One line in the listing below contains "OIDIRE 270W Self Heating Electric Lunch Box". Repeat that line and each line after it exactly, ending with the last one.

### Data shown
________________

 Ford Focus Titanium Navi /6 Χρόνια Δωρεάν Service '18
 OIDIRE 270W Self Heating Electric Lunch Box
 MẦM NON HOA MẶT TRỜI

________________

### Answer section
 OIDIRE 270W Self Heating Electric Lunch Box
 MẦM NON HOA MẶT TRỜI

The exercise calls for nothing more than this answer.